Critics feared the possibility of strategic exclusions.

A senator-elect facing unresolved litigation or administrative delays could theoretically be prevented from taking the oath early enough to participate in the leadership election itself. That fear explains why the backlash was swift and intense. By reverting to the old order, the Senate effectively neutralised a looming constitutional and political crisis.

Still, another amendment survived with relatively less attention but significant implications.

Under the revised rules, any senator-elect absent during inauguration has only 14 legislative days within which to take the Oath of Allegiance and Oath of Membership. Failure to do so may lead the Senate to declare the seat vacant and notify INEC for a fresh election.

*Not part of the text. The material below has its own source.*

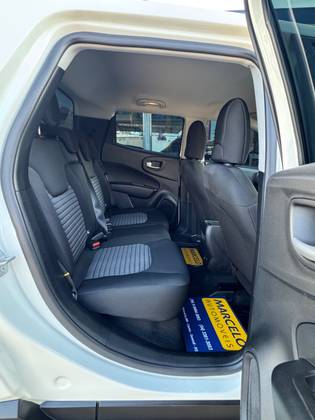 FIAT TORO 1.3 TURBO 270 FLEX ENDURANCE AT6 FIAT TORO 1.3 TURBO 270 FLEX ENDURANCE AT6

Supporters say the provision is necessary to prevent prolonged vacancies caused by litigation, delayed appearances or political disputes but critics argue that Nigeria’s volatile post-election environment makes rigid timelines potentially problematic.

Election petitions sometimes drag for months. Court orders may delay inaugurations. Security crises can disrupt appearances. The Senate attempted to protect itself legally by inserting a caveat stating that any declaration of vacancy remains “subject to the provisions of the Constitution.”

Even so, lawyers are already divided on how the provision would survive judicial scrutiny if challenged in court.

Inside the National Assembly, rules are rarely just rules. They are signals, sometimes about succession plans, sometimes about elite anxieties, sometimes about protection and edging opponents aside.

For younger politicians In the race hoping to rise quickly through the parliamentary hierarchy, the new rules lengthen the waiting line. Last week’s amendments therefore tell a larger political story which will continue to unfold as the 10th Senate slowly winds down for 2027 election preparations.